_ENTRIES SHOWN_.
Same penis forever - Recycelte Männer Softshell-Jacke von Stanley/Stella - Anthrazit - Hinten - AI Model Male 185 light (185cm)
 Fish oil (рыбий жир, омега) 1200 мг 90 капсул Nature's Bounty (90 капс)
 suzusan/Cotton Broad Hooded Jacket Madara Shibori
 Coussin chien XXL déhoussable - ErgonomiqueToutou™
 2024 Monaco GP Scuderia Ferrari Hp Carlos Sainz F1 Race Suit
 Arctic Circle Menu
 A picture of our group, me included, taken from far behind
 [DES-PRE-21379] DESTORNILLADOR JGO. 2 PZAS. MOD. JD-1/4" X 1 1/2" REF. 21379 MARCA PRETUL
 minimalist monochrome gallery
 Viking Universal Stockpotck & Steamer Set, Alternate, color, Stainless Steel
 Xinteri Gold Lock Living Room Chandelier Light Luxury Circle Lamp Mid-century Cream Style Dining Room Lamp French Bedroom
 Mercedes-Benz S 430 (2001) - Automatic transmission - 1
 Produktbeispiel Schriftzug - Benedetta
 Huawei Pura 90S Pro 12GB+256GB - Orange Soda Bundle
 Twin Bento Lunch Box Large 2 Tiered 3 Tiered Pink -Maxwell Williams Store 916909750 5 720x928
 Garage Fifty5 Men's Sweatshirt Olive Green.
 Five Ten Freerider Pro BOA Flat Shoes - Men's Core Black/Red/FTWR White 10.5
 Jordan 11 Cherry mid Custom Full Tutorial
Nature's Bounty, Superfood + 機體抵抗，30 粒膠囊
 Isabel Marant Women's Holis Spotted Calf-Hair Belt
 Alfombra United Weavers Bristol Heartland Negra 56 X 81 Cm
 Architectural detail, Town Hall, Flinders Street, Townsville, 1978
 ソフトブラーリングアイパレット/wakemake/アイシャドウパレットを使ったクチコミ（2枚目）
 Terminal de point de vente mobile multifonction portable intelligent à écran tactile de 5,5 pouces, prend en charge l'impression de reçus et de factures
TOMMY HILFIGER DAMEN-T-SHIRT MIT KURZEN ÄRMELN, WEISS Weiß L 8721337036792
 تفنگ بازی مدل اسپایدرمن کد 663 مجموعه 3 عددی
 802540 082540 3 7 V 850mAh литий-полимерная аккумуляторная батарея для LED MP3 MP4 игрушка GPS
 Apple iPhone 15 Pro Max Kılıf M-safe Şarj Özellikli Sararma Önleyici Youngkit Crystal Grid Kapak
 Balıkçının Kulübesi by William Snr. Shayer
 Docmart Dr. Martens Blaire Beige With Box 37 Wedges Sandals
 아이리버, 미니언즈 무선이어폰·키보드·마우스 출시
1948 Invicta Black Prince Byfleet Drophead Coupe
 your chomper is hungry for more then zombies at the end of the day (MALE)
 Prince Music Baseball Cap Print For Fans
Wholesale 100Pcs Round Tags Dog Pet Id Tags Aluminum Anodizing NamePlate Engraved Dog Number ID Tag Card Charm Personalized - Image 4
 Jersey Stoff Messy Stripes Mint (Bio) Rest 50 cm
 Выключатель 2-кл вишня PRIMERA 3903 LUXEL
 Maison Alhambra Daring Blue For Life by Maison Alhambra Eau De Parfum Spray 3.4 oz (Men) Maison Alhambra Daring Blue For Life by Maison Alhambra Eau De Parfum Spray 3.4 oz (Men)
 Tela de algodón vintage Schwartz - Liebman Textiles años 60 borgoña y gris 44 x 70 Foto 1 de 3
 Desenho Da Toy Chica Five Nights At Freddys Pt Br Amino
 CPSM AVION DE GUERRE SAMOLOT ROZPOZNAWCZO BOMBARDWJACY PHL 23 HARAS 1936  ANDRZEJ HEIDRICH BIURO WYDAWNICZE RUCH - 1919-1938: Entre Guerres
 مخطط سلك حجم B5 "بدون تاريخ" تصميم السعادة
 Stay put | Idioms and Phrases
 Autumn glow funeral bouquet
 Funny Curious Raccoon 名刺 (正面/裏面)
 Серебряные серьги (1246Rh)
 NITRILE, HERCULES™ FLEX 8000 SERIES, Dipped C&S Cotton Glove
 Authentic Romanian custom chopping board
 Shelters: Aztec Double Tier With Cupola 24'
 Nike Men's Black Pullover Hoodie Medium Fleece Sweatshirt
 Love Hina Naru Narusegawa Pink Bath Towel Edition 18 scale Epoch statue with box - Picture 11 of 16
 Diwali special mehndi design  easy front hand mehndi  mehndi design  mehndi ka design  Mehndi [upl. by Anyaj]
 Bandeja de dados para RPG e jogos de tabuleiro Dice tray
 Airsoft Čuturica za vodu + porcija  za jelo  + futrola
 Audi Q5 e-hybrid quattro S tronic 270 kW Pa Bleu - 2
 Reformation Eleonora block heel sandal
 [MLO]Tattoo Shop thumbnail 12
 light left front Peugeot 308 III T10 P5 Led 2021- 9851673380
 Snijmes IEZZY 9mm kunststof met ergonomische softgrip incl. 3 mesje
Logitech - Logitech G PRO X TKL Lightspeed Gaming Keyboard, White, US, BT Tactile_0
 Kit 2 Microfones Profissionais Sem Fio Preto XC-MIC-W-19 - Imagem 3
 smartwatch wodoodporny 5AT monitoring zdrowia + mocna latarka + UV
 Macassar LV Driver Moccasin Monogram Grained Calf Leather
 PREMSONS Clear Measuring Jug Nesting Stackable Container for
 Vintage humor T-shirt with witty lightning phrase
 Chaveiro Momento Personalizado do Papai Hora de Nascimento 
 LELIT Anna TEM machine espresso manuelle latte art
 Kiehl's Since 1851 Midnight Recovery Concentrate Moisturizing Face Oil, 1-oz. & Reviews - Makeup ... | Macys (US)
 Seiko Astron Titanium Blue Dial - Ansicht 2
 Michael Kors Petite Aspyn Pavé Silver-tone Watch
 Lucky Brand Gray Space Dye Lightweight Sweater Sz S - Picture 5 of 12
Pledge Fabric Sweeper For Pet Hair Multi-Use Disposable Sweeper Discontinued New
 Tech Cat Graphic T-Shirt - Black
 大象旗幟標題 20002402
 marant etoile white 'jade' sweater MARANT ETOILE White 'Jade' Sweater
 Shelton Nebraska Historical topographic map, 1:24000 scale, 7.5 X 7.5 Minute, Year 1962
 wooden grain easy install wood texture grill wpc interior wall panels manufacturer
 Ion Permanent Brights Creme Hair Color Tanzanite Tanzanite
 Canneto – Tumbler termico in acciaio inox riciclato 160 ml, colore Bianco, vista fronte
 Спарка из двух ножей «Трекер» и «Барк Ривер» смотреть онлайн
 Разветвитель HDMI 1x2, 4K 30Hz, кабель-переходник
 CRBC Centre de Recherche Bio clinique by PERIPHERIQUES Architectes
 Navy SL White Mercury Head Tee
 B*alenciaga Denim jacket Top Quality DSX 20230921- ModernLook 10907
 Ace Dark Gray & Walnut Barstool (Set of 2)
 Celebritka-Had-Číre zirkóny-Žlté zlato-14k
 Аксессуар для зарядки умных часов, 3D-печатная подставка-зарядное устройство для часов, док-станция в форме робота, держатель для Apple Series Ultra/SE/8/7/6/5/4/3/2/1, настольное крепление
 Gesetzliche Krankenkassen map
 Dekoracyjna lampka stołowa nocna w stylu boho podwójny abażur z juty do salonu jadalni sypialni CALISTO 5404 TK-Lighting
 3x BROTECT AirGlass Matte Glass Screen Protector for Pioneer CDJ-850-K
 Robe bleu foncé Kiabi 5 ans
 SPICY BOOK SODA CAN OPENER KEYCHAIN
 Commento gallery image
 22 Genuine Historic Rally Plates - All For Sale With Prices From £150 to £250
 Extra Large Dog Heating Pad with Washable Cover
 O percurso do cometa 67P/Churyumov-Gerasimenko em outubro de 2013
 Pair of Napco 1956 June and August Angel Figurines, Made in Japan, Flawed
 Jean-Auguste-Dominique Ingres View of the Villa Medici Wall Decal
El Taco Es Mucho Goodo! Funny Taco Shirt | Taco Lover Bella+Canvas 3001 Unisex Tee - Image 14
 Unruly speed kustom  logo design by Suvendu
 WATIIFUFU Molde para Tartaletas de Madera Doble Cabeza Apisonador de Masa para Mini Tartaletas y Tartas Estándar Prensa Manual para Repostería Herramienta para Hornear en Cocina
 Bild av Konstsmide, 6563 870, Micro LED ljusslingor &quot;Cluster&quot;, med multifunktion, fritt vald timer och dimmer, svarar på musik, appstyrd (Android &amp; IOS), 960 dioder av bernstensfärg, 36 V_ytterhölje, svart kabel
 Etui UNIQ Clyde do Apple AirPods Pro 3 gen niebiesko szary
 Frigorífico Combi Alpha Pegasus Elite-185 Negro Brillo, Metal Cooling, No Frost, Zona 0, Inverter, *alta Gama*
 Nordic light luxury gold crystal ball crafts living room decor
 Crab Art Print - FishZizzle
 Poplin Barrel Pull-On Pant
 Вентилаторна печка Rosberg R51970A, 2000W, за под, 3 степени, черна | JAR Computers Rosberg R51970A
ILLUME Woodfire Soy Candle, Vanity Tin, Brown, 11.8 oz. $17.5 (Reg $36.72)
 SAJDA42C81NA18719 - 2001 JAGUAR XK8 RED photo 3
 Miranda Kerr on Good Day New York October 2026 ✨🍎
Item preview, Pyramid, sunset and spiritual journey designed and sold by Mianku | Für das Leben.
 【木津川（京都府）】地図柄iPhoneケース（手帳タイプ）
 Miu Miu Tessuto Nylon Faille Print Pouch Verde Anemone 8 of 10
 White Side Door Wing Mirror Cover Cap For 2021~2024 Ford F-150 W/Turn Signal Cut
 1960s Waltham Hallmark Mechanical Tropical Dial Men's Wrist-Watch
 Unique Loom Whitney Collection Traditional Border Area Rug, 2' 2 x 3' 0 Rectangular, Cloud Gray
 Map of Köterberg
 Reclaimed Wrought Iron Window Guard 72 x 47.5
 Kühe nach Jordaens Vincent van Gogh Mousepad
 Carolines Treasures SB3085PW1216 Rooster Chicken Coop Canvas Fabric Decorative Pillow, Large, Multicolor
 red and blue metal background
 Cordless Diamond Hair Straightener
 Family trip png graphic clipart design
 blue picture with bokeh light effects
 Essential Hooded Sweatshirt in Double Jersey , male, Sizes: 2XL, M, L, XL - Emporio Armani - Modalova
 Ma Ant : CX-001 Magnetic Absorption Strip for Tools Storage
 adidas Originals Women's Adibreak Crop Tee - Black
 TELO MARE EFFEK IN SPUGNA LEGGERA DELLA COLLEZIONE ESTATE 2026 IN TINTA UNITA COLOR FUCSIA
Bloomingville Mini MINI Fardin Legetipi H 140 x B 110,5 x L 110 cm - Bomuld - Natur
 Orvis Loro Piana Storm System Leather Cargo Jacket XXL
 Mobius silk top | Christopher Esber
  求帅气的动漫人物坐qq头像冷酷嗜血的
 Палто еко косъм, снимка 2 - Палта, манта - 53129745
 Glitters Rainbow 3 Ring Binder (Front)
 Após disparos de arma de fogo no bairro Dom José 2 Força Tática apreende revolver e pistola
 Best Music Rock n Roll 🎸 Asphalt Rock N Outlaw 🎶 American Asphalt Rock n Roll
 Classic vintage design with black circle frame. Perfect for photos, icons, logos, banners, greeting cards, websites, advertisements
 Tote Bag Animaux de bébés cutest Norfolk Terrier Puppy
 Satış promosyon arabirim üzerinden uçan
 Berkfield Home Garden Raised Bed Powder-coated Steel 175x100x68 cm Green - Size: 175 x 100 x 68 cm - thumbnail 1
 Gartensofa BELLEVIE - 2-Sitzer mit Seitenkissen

_WORK TO BE COMPLETED_. Every line from the line containing "El Taco Es Mucho" through the line containing "WATIIFUFU Molde para" in the records above must be retyped exactly. Leave out the rest.

_RESPONSE FOR THIS EXERCISE_.
El Taco Es Mucho Goodo! Funny Taco Shirt | Taco Lover Bella+Canvas 3001 Unisex Tee - Image 14
 Unruly speed kustom  logo design by Suvendu
 WATIIFUFU Molde para Tartaletas de Madera Doble Cabeza Apisonador de Masa para Mini Tartaletas y Tartas Estándar Prensa Manual para Repostería Herramienta para Hornear en Cocina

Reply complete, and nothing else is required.